The financial review continued last week, and I got a bit over-ambitious (which is by no means a rare thing for me). Having found a suitable extra-job (thankfully, it does not involve Scorpio Leisure), I piled on the hours and totalled it all up until it looked like I could pay off my mortgage in five years. However, I decided that I did want to live after all and scaled back considerably.
After having faced the prospect of being mortgage-free at the tender age of thirty (two), I now felt slightly depressed that I'd never be able to pull it off. I needed something to lift my spirits again - quickly. So I decided to buy a tortoise. How very retro.
A tortoise would be the perfect addition to my flat. I mulled it over. (I'm sure it would be quite independent and be happy doing its own thing, no hair means less fluff on my carpet, it could eat all the fruit and veg I never get round to (a live recycling machine if you will), it would casually wander through to join me as I sit writing, I'd come home from work and it'd be wandering around, it wouldn't make any noise. It would be very much like my wooden giraffe but somewhat more mobile - perfect.)

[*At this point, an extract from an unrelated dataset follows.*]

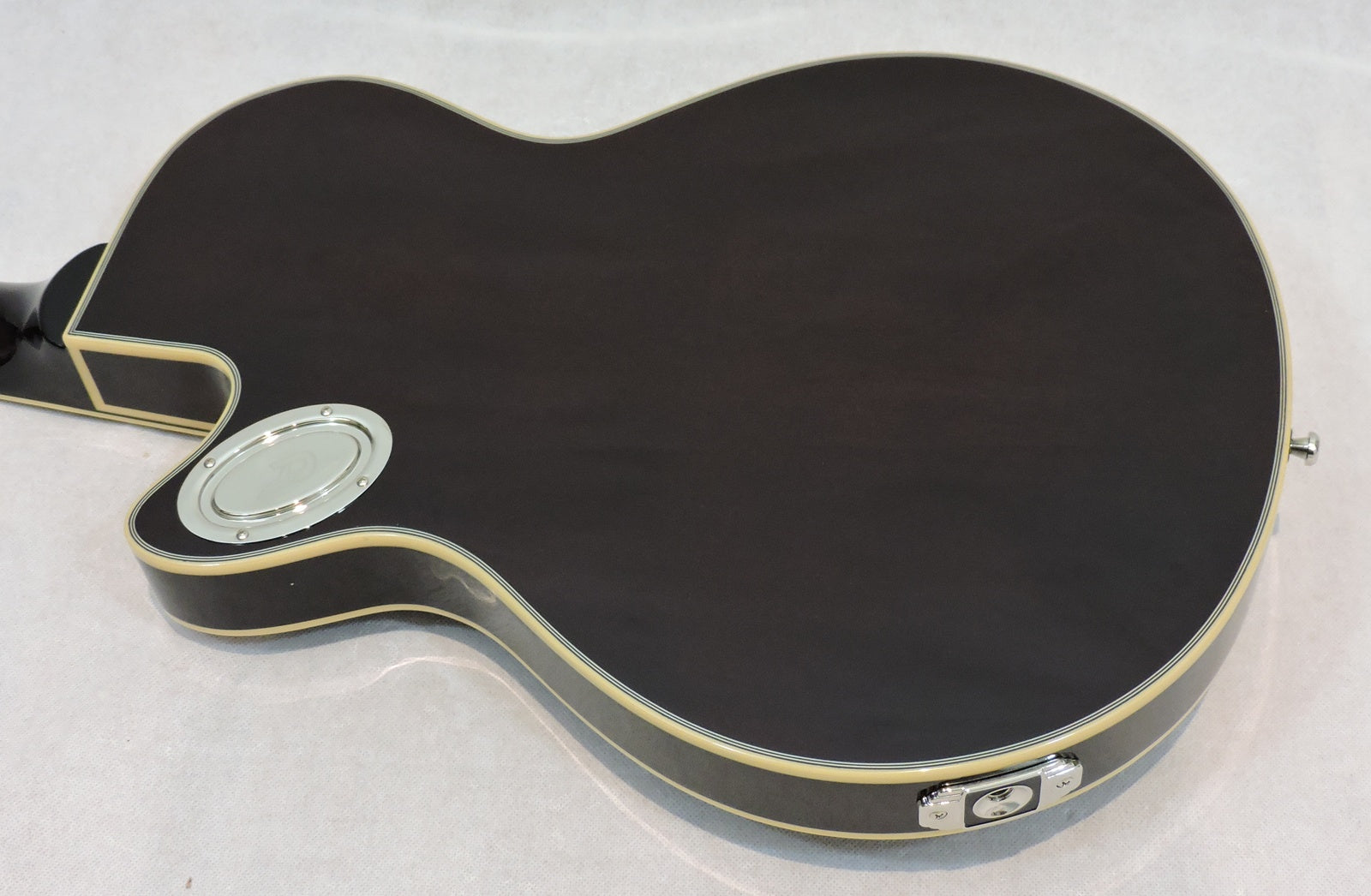 Duesenberg Fantom Series S Tobacco Sunburst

I discovered I could buy one online for a discounted price of £99. And free delivery - even better. I'd have to get it delivered to work (as I wouldn't want it being punted about the Royal Mail depot) but I quite liked the thought of everyone asking: "What's in the box?" And my response: "A tortoise." Whereupon I would indeed reveal a tortoise.
My mum was distinctly unimpressed. "You're not getting a tortoise," she said with an exasperated sigh. "I'm an adult, with my own property, you can't tell me I'm not getting one." "You're not getting a tortoise." "But I think it'd be really cool." "Why don't you wait until you have a big house, with a big garden." "When I have a big house with a big garden I'll get a horse. The whole point of the tortoise is its lack of need for space." "Well, we'll see - maybe Santa will bring you one." "Stop implying that you have any influence on this decision." It never ceases to amaze me how quickly I can regress to my four-year old self in certain conversations with my mum. A hideous image of me dressed up like Bette Davis in 'Whatever happened to Baby Jane?' flashed into my mind, and I made a mental note not to discuss my wackier notions with my parents.
I was explaining all this to some friends on Thursday night. I don't think any of them were really getting it. Sinead looked at me like she'd heard about as much as she could take and said: "I don't think you're in a fit state to have a pet ... hearing you talk about it being like a wooden thing that moves about."
"Don't worry," I said, "I'm not actually getting one. I found out that you need to buy a special tortoise table, a UV lamp and lots of 'natural' obstacles to place around your house in order to exercise the thing. That's a bit more complicated and messy than I'd originally thought. And also, I realised that it'd have to excrete all the leftover veg I fed it, so - again - more messy than I thought."
Hopefully though, my two jobs and my round-the-world trip will occupy me enough to keep me from ever actually buying livestock over the Internet.